Task description » The task calls for the lines below from the line with "Customizable Women's Hooded Parka" to the line with "Dilaksanakan Tindak Lanjut", both ends included, copied exactly, without any pictures.

Data for review section start

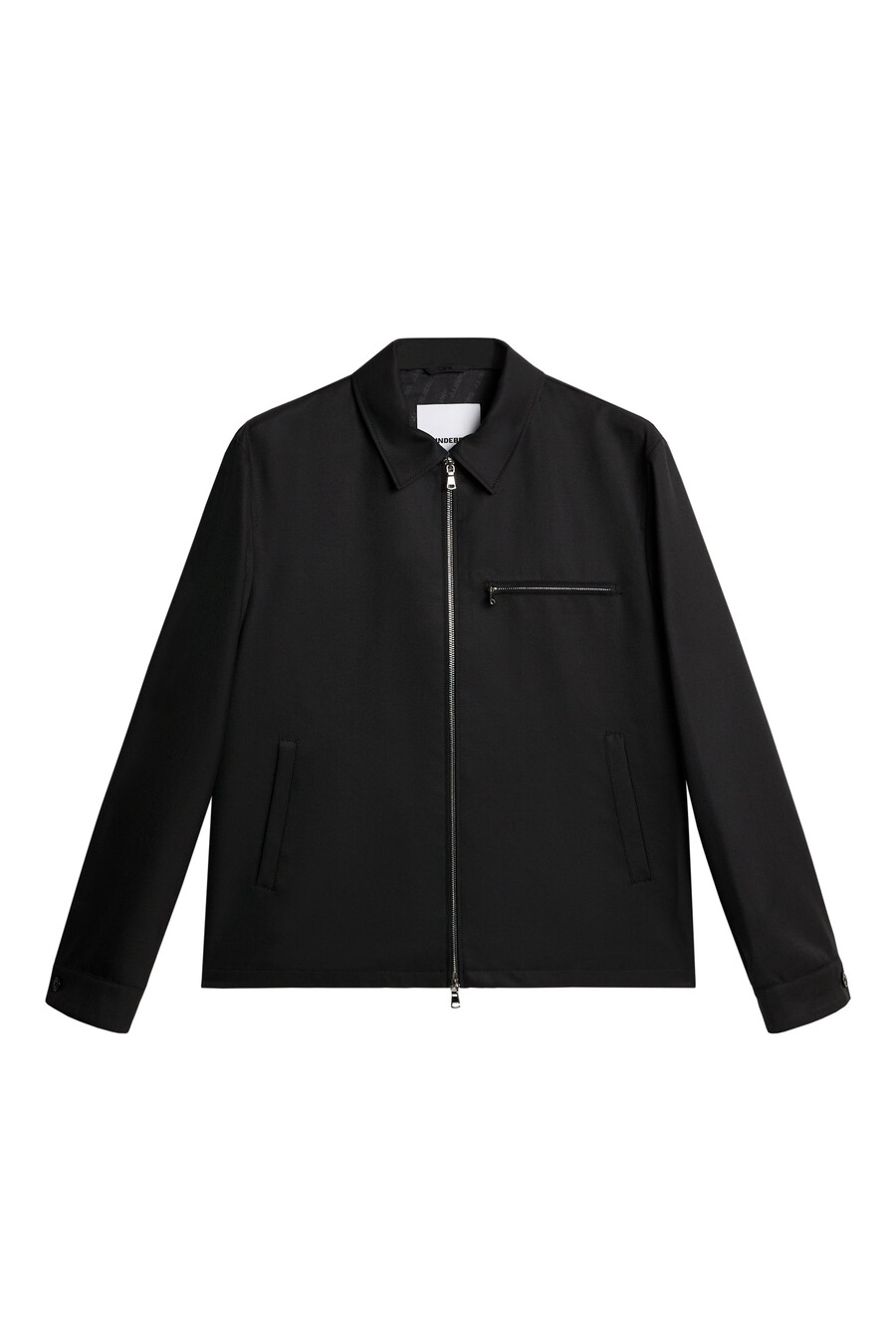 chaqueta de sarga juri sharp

Data for review section end
Data for review section start

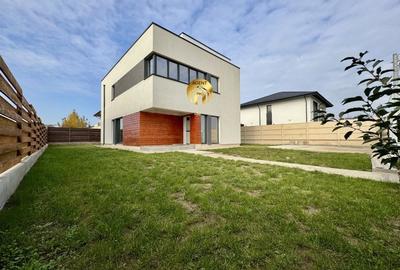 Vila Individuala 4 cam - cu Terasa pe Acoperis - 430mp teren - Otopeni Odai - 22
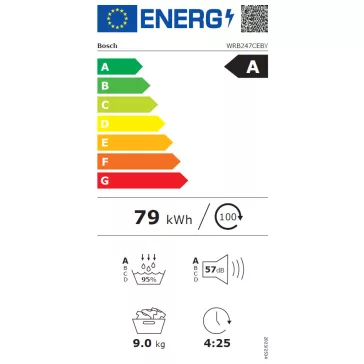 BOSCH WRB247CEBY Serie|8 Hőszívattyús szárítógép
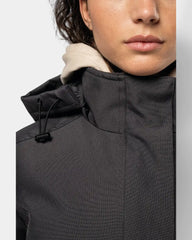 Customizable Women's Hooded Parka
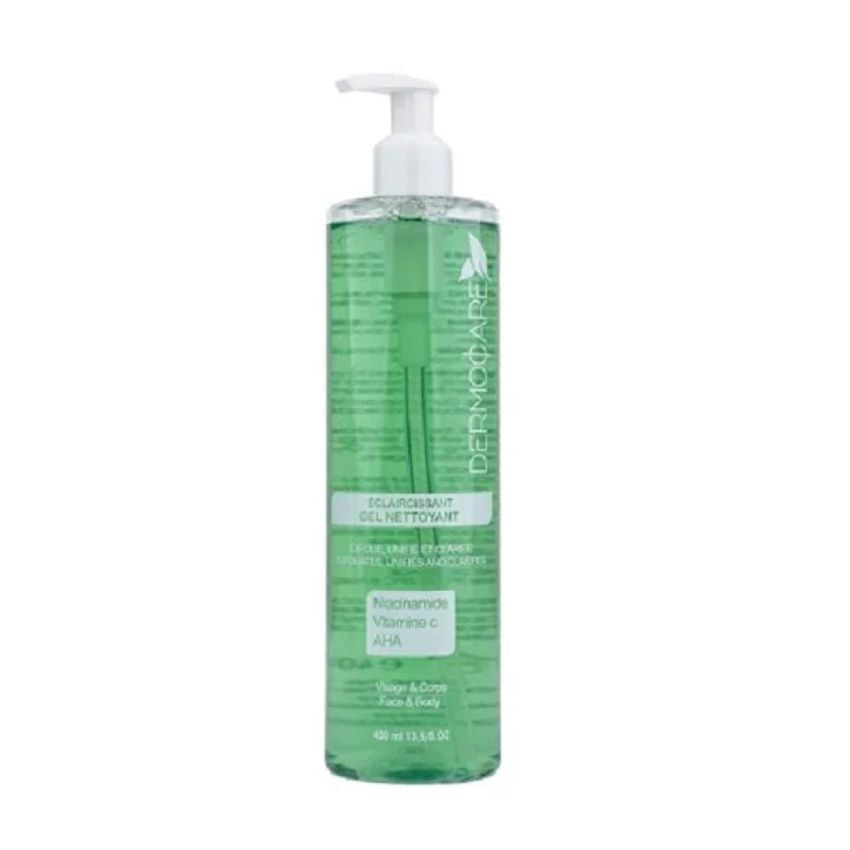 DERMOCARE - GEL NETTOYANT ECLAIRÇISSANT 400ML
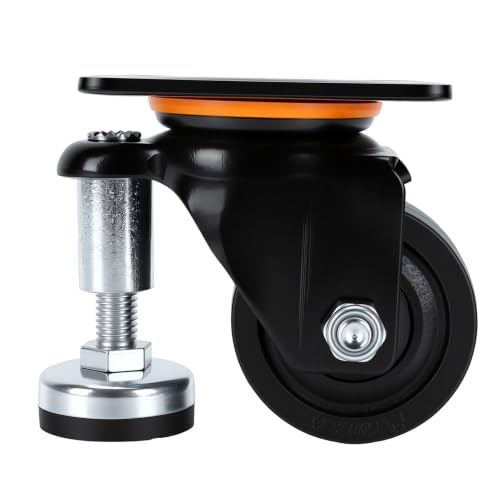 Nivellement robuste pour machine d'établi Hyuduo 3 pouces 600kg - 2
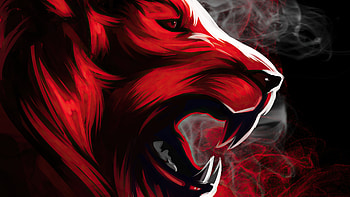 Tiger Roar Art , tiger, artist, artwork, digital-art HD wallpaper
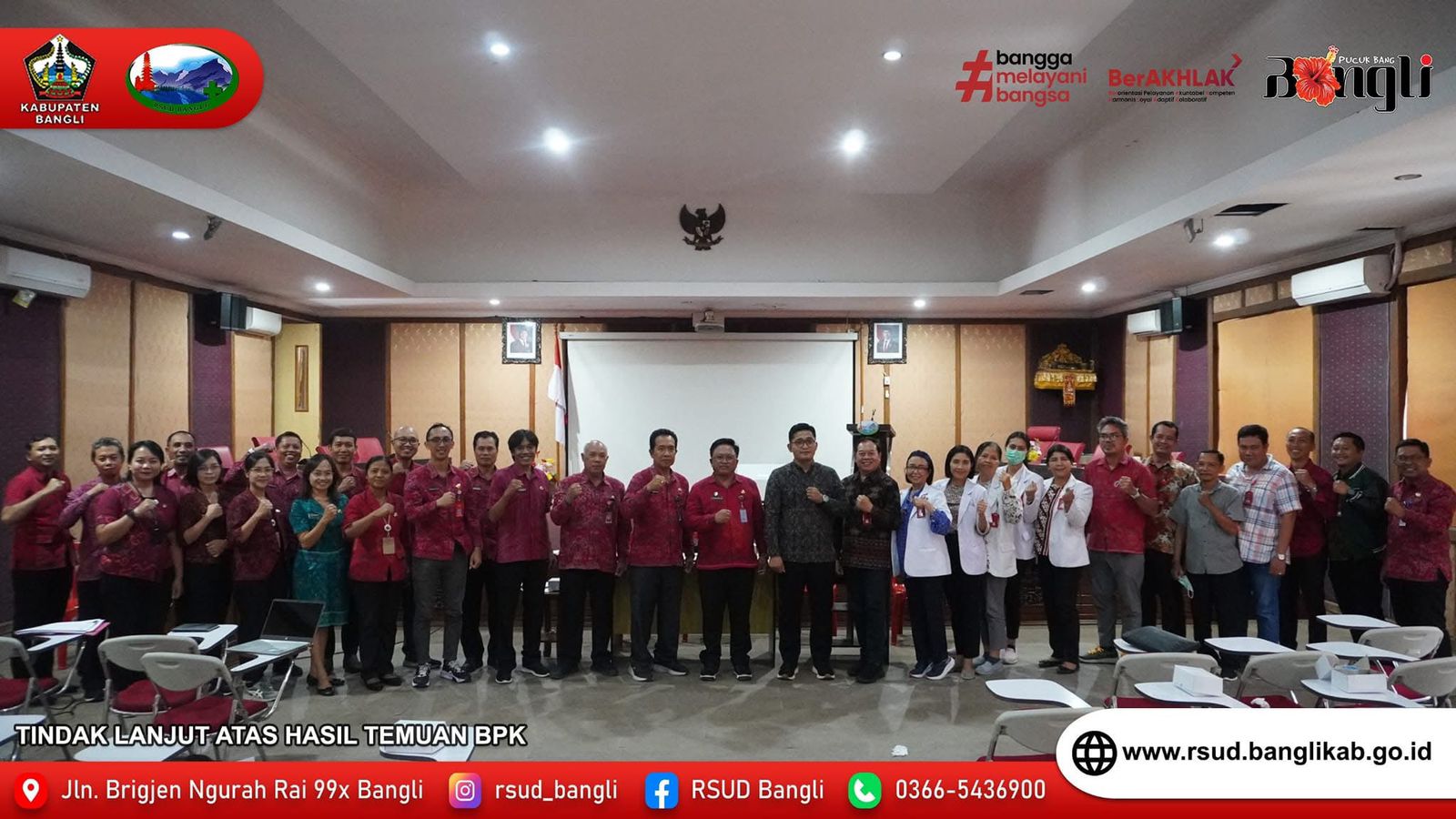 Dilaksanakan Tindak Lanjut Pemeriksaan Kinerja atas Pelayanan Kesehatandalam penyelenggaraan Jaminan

Data for review section end
Data for review section start

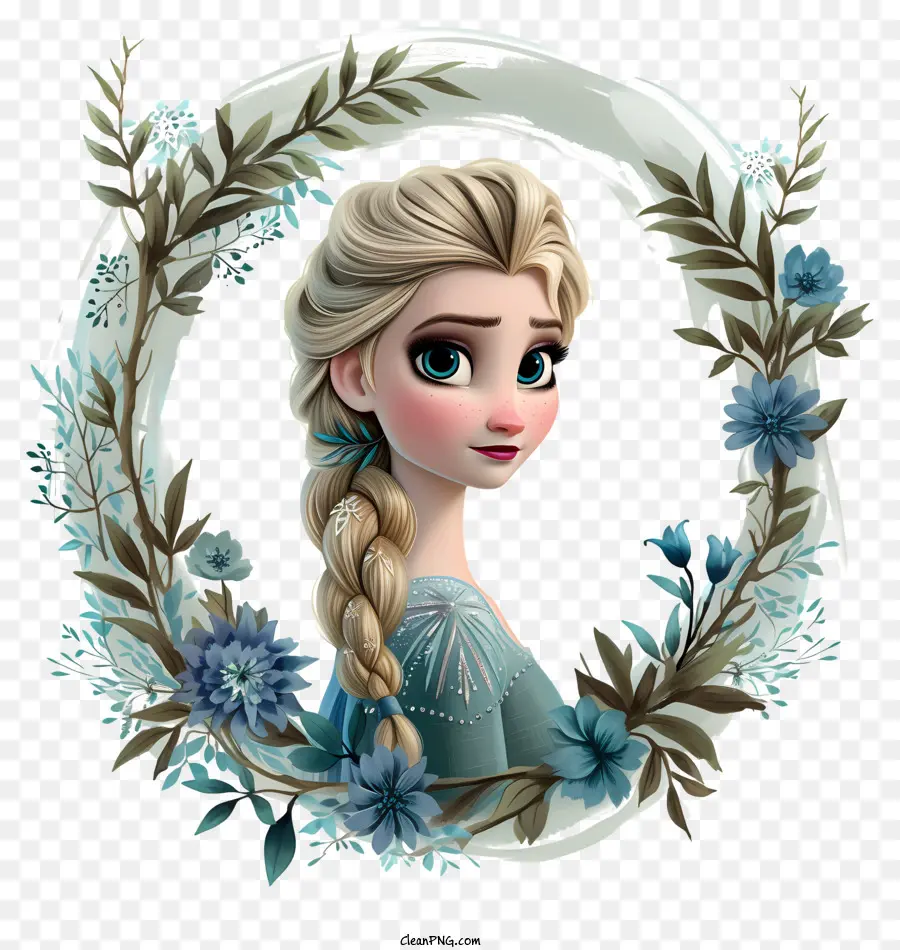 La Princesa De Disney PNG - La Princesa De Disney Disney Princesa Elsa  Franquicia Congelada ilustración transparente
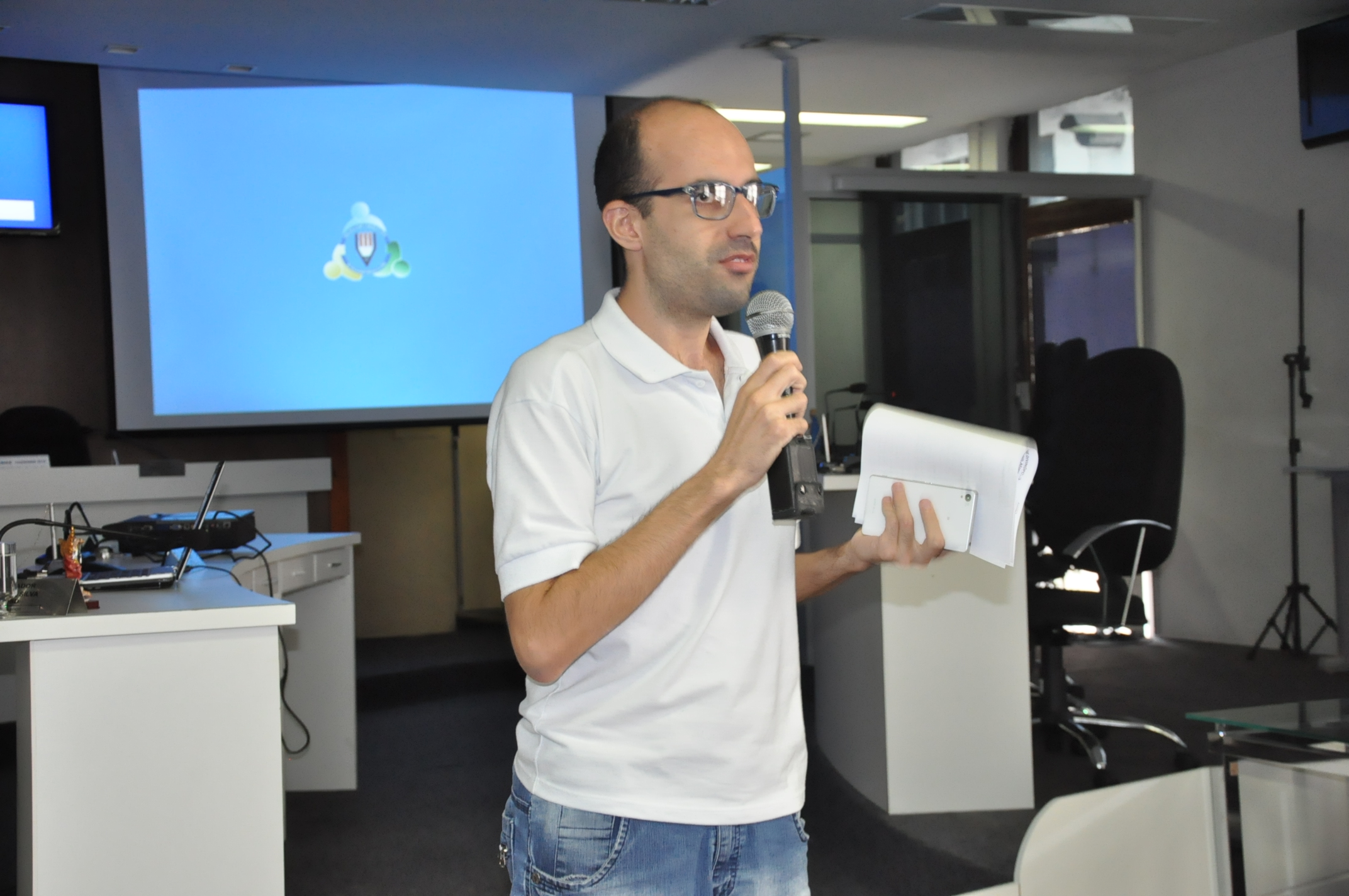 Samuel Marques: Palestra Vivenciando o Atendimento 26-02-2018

Data for review section end

Task result »
 Customizable Women's Hooded Parka
 DERMOCARE - GEL NETTOYANT ECLAIRÇISSANT 400ML
 Nivellement robuste pour machine d'établi Hyuduo 3 pouces 600kg - 2
 Tiger Roar Art , tiger, artist, artwork, digital-art HD wallpaper
 Dilaksanakan Tindak Lanjut Pemeriksaan Kinerja atas Pelayanan Kesehatandalam penyelenggaraan Jaminan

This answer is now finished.